:: RECORD EXCERPTS

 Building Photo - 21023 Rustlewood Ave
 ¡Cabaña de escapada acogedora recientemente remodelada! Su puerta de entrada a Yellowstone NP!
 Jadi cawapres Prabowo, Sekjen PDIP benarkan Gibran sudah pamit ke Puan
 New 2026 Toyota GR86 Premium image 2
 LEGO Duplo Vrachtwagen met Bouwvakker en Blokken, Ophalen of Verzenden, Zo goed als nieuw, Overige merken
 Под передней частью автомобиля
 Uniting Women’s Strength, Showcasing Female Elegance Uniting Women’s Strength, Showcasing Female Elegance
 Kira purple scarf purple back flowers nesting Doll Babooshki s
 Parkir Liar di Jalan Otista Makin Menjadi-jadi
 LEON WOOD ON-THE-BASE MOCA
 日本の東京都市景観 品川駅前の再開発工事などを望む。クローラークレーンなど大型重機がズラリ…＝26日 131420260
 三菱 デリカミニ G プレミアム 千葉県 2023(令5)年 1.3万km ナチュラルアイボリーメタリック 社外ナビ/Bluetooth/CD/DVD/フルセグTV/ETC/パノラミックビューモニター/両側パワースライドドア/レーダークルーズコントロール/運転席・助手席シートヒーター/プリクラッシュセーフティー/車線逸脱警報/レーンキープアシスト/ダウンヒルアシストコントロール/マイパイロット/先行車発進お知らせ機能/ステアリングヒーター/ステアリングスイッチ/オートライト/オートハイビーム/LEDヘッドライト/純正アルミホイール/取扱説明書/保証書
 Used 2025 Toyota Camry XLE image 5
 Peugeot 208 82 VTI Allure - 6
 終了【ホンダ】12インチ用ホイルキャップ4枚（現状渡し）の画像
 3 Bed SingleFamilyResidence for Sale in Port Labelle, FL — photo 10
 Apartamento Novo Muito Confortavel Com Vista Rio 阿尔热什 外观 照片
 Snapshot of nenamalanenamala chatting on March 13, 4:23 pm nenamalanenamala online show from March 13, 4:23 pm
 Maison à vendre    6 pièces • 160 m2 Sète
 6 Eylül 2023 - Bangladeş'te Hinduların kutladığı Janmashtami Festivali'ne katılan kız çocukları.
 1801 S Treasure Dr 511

::::

Please repeat the lines above exactly, beginning with the line that contains "三菱 デリカミニ G プレミアム" and ending with the final one.

## YOUR RESPONSE
 三菱 デリカミニ G プレミアム 千葉県 2023(令5)年 1.3万km ナチュラルアイボリーメタリック 社外ナビ/Bluetooth/CD/DVD/フルセグTV/ETC/パノラミックビューモニター/両側パワースライドドア/レーダークルーズコントロール/運転席・助手席シートヒーター/プリクラッシュセーフティー/車線逸脱警報/レーンキープアシスト/ダウンヒルアシストコントロール/マイパイロット/先行車発進お知らせ機能/ステアリングヒーター/ステアリングスイッチ/オートライト/オートハイビーム/LEDヘッドライト/純正アルミホイール/取扱説明書/保証書
 Used 2025 Toyota Camry XLE image 5
 Peugeot 208 82 VTI Allure - 6
 終了【ホンダ】12インチ用ホイルキャップ4枚（現状渡し）の画像
 3 Bed SingleFamilyResidence for Sale in Port Labelle, FL — photo 10
 Apartamento Novo Muito Confortavel Com Vista Rio 阿尔热什 外观 照片
 Snapshot of nenamalanenamala chatting on March 13, 4:23 pm nenamalanenamala online show from March 13, 4:23 pm
 Maison à vendre    6 pièces • 160 m2 Sète
 6 Eylül 2023 - Bangladeş'te Hinduların kutladığı Janmashtami Festivali'ne katılan kız çocukları.
 1801 S Treasure Dr 511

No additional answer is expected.